** Opening Entries provided block **
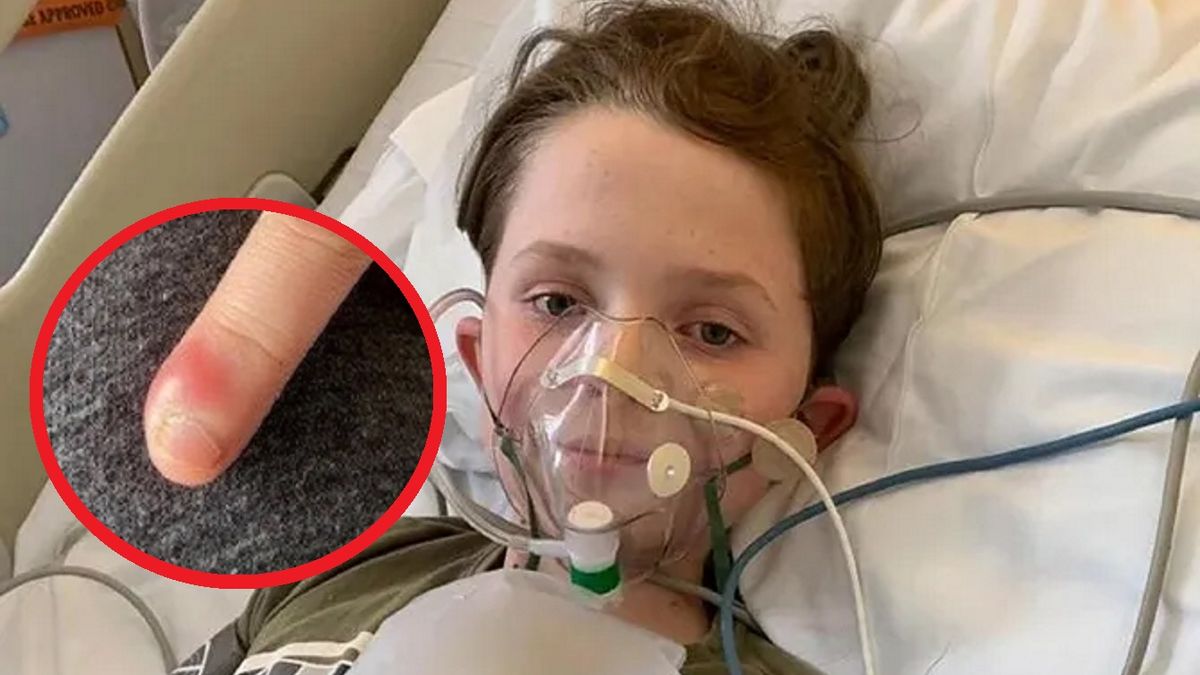 Jedynym objawem było obgryzanie paznokci. Diagnoza była szokiem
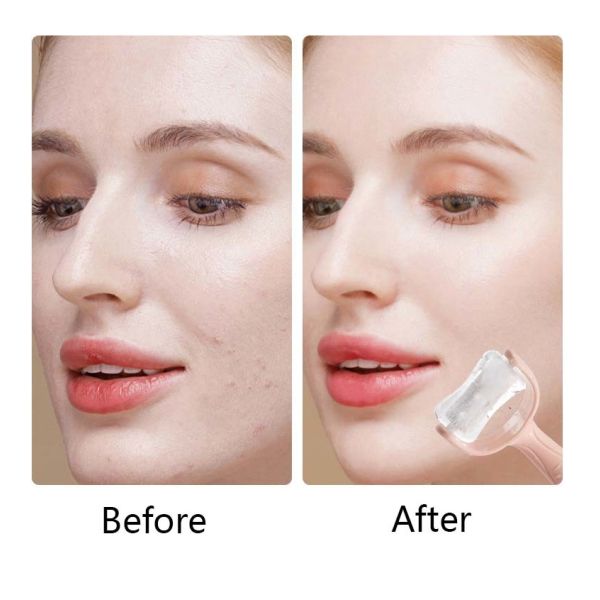 Cryotherapy Ice Roller For Face Eyes Silicone Face Massager Roller Puffiness Migraine Pain Relief And Minor Injury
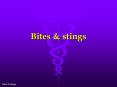 Dog Bites and Rabies (2 of 2) Rabies- an acute vira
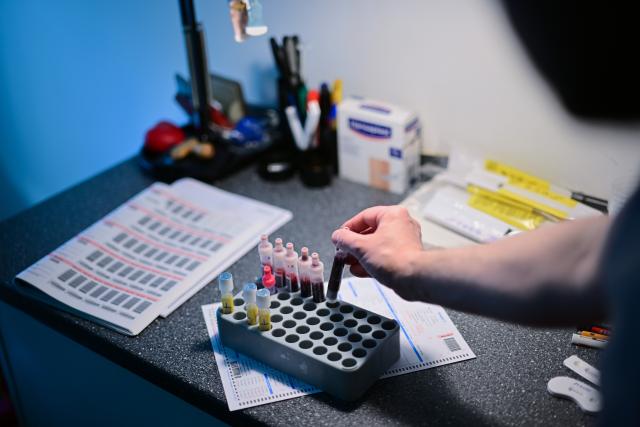 FILED - 29 April 2025, Berlin: FILED PHOTO - A doctor places a blood ampoule for a test for HIV and other sexually transmitted diseases in a carrier at the Berlin AIDS service organization. Photo: Sebastian Gollnow/dpa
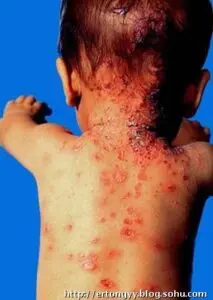 新生兒 - 解救0-1歲baby的常見皮膚狀況 - 圖 5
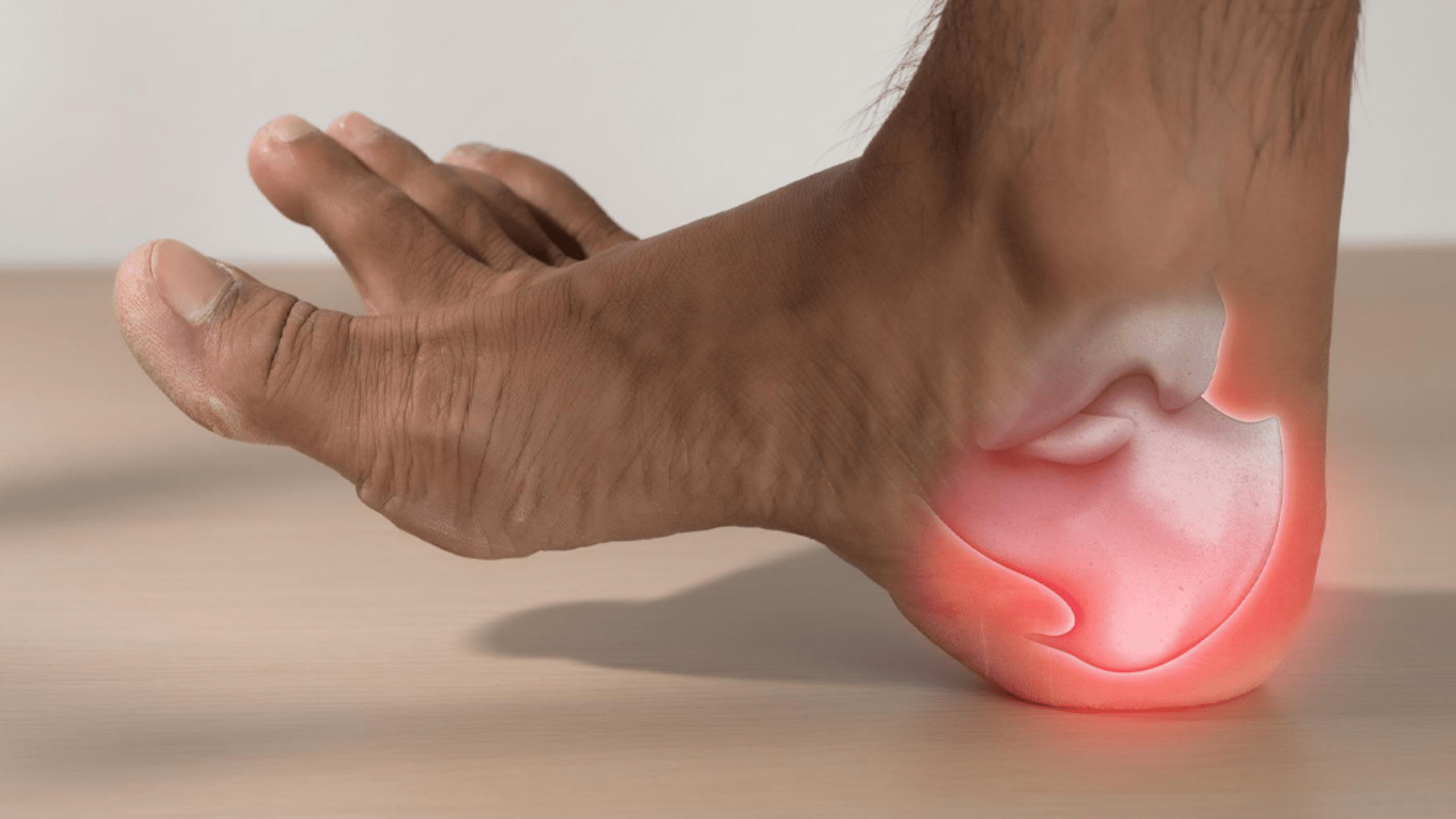 Foot affected by plantar fasciitis, highlighting how barefoot shoes are good for plantar fasciitis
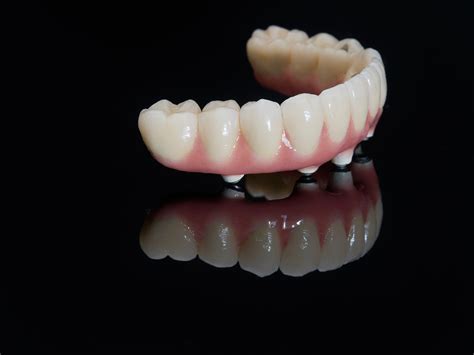 full-mouth implant in ashford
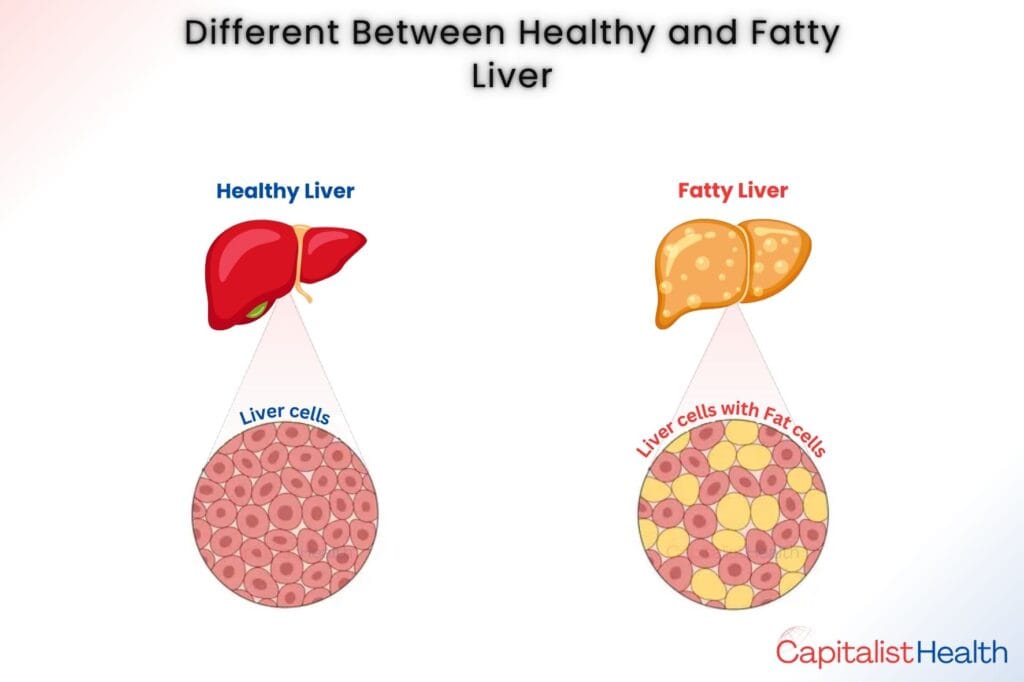 Fatty Liver Reversal – Diet, Exercise, and Symptoms –Capitalist Health - What is Fatty Liver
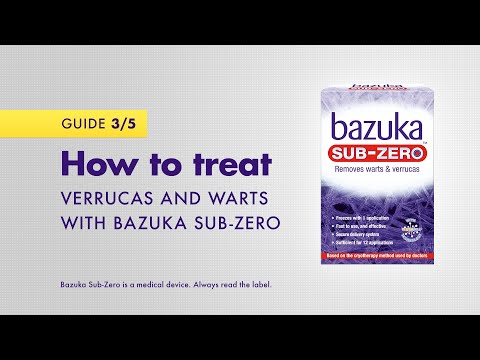 How to treat verrucas and warts with Bazuka Sub-Zero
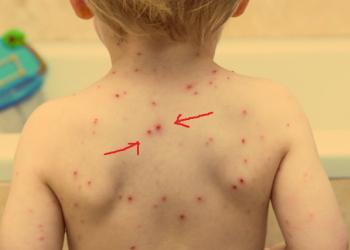 Какви заболявания причиняват червени петна по кожата?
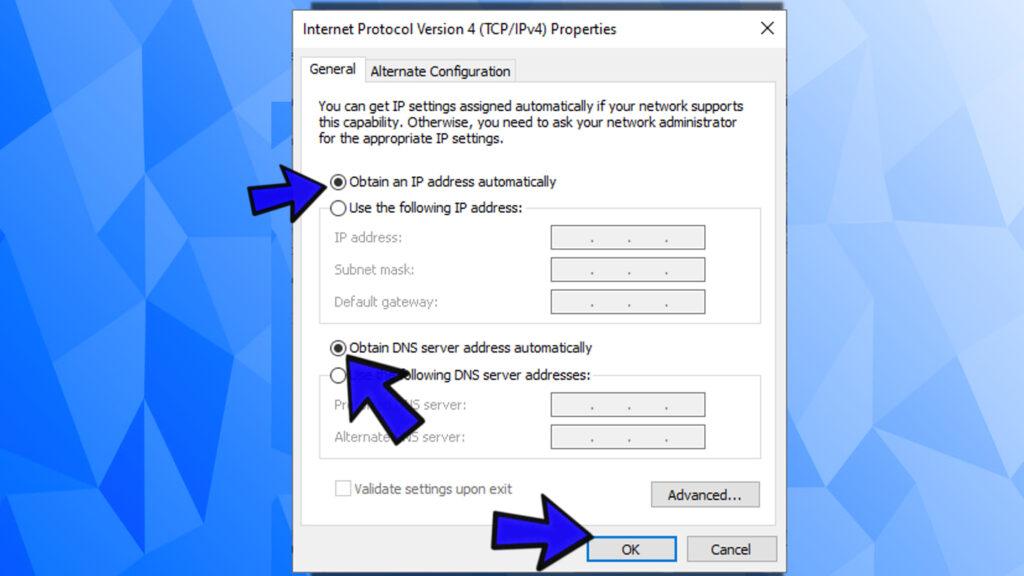 obtain ip address and dns server automatically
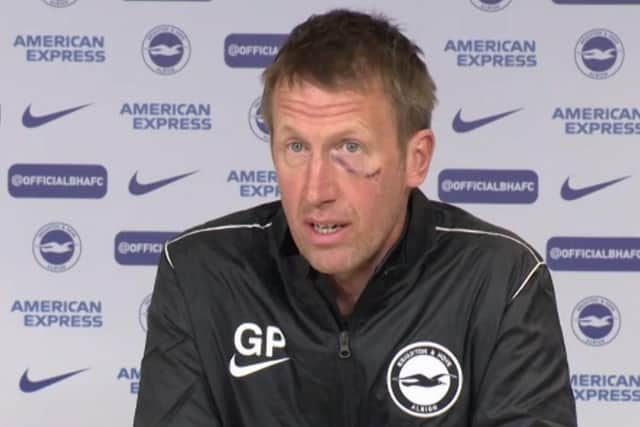 Graham Potter faced the media ahead of his side's clash with Sheffield United sporting a scar to his face: PA Video/PA Wire.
** Closing Entries provided block **
Pictures are to be left out; set down everything else in the records exactly.

 Jedynym objawem było obgryzanie paznokci. Diagnoza była szokiem
 Cryotherapy Ice Roller For Face Eyes Silicone Face Massager Roller Puffiness Migraine Pain Relief And Minor Injury
 Dog Bites and Rabies (2 of 2) Rabies- an acute vira
 FILED - 29 April 2025, Berlin: FILED PHOTO - A doctor places a blood ampoule for a test for HIV and other sexually transmitted diseases in a carrier at the Berlin AIDS service organization. Photo: Sebastian Gollnow/dpa
 新生兒 - 解救0-1歲baby的常見皮膚狀況 - 圖 5
 Foot affected by plantar fasciitis, highlighting how barefoot shoes are good for plantar fasciitis
 full-mouth implant in ashford
 Fatty Liver Reversal – Diet, Exercise, and Symptoms –Capitalist Health - What is Fatty Liver
 How to treat verrucas and warts with Bazuka Sub-Zero
 Какви заболявания причиняват червени петна по кожата?
 obtain ip address and dns server automatically
 Graham Potter faced the media ahead of his side's clash with Sheffield United sporting a scar to his face: PA Video/PA Wire.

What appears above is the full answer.